On Dec. 7, 1941, my wife, Denise, and I were living in Honolulu. When the Japanese attack came, at about 8:05 that Sunday morning, we were leaving an all-night party at the home of Bill Tyree, of the Honolulu United Press bureau, not far from Diamond Head.
That sounds more dissolute than it was. Denise worked nights for Radio Communications of America, in downtown Honolulu, and I worked on the night news desk at the Honolulu Advertiser, a few blocks away. On Saturday nights after work it was common for us to go to late parties at the homes of other night workers. Often we stayed to see the pink Hawaiian dawn, sometimes driving out to to see the Pan American Clipper splash down after its long flight from the States.
This morning we were standing in Tyree's yard, saying goodby. I remember the chubby Tyree standing in the doorway in his Chinese pongee housecoat with a red dragon embroidered on it. Suddenly we heard a distant explosion--felt it as much as heard it.
"Probably just the gasworks," somebody joked. We laughed.
Later, we figured it must have been the battleship Arizona blowing up.
That night we had been celebrating the arrival and departure of Francis McCarthy, UP correspondent from New York. McCarthy was to be a war correspondent. He had arranged to hitch a ride on an American B-17 being delivered to the Dutch East Indies on Monday.
That Saturday morning our paper had printed a red banner across the top of Page 1: WAR EXPECTED OVER WEEKEND. Everyone felt that war was imminent. The Japanese were straining at their leash. But we thought they would fall on the Dutch. We had to live with the irony of that headline.
My wife and I didn't have a car. We caught a ride with Maj. Harry Albright, a former Advertiser reporter who had gone into the Army as assistant public-relations chief of the Hawaiian Division. He and his girlfriend were in riding togs; they planned to ride that morning at Ft. Shafter.
Francis McCarthy came along with a telephone operator he had met. They squeezed into the front seat with Albright and his girlfriend, the telephone operator, sitting on McCarthy's lap.

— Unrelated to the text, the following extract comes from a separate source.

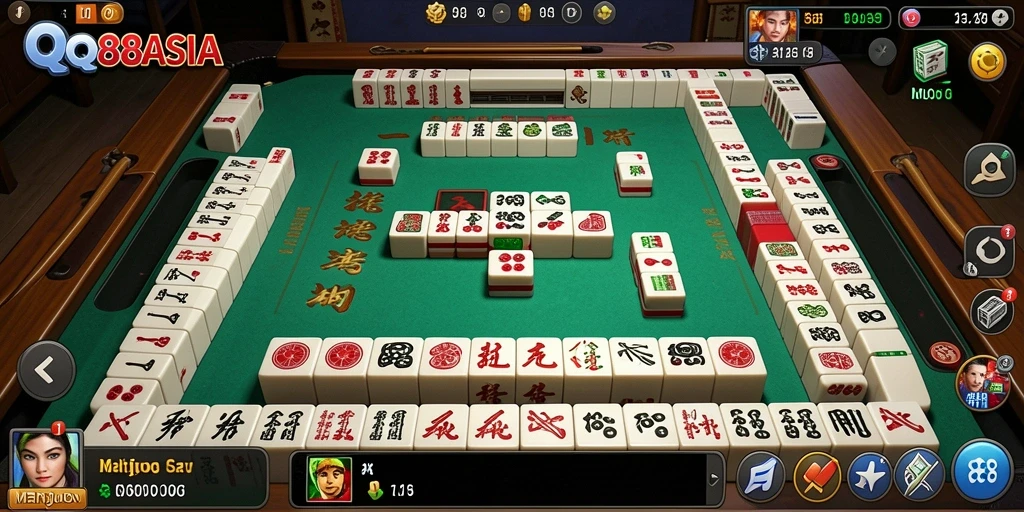 Screenshot gameplay QQ88ASIA menampilkan aksi seru Mahjong.
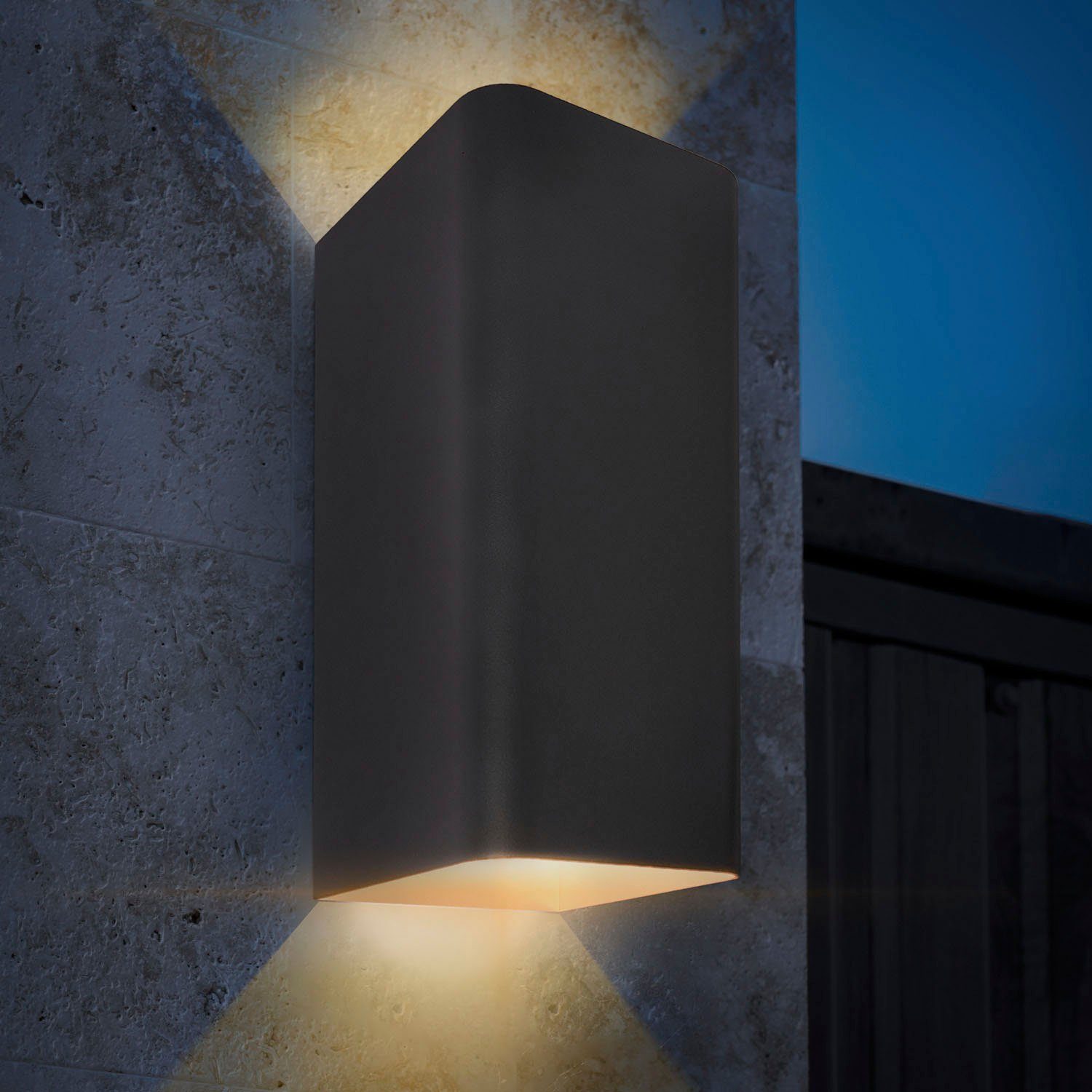 Paco Home Wandleuchte ELENA, LED fest integriert, Warmweiß, In-& Outdoor Wandleuchte LED Aussen Garten Lampe 3000 K IP 54 Up Down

I lay down in the back seat with my head on my wife's lap--fatigued but sober.
We were driving along Kalakaua Boulevard when I looked up through a window and saw two or three small planes streaking through the pretty blue sky. I was no expert at aircraft identification or altitude. But we saw military aircraft in the skies over Honolulu every day. They were always at their games. I knew their silhouettes. These looked strange. Small and shining in the sun.
"There's some funny-looking airplanes up there," I said.
Albright drove on, evidently looking forward to breakfast and his ride.
More planes came. I noticed that puffs of black smoke were bursting just below them.
"We're shooting at them," I said flatly.
Finally Albright stopped the car. He got out in the road, hands on hips, and looked up angrily at the planes.
"Damn those bastards," he cursed, kicking at the road with a polished boot, "I've told them and told them not to do anything like this without letting me know!"
He got back in and we drove on, each wondering about the strange phenomenon we had seen, but not comprehending.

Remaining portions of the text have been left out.